I do it like Devil; make it clear right from the first paragraph whose viewpoint the chapter is told through. Each character should have a distinct voice, even in third person.
Perhaps it would help you (it helps me) to write each character's story seperately, then weave them together on the next draft? I do that, but in reverse order: I write the first draft straight through, dropping in POVs when it seems right, then on revision I look at each POV character's story individually, looking for large gaps and personality changes (!!! gah.), and I'll end up adding scenes and deleting scenes, and then I have to stich the whole thing back together again.

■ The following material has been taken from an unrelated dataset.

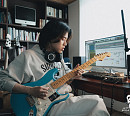 이무진, 23일 첫 미니앨범 'Room Vol.1' 발매 '기대감 UP'
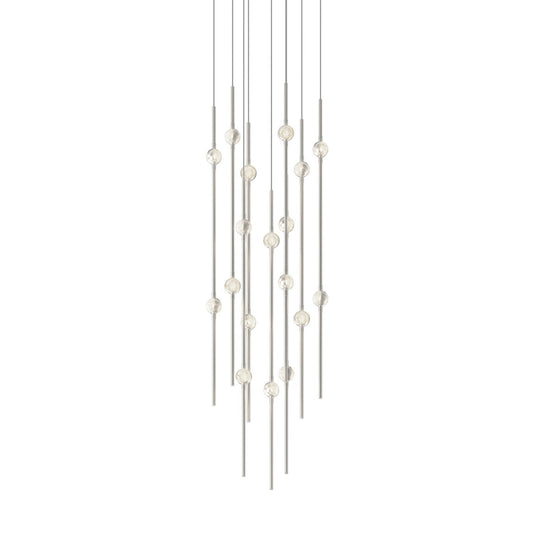 Sonneman-2012.13C-27|MAIN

You could also develop a pattern that the reader will get used to, to clue them to who's on stage next. Like give the main MC two chapters, followed by one of lover and one of pal, followed by two more MC chapters, one lover, one pal...but you still have to establish early who is doing the talking, and that's best done by distinctive voice. Or pronouns, or other characters speaking to the POV character by name, or bringing up something that happened only to the POV character, or using the feelings of the new POV character about the last POV character to make it clear there's been a transition (deosn't work real well with schizophrenic characters, mind you), or having the characters in different locations so you can use the location as the chapter heading instead of names, because you've already established that Sam is the character in London, and George is the character in Iraq...I'll stop now. You're a creative person. Get creative with it!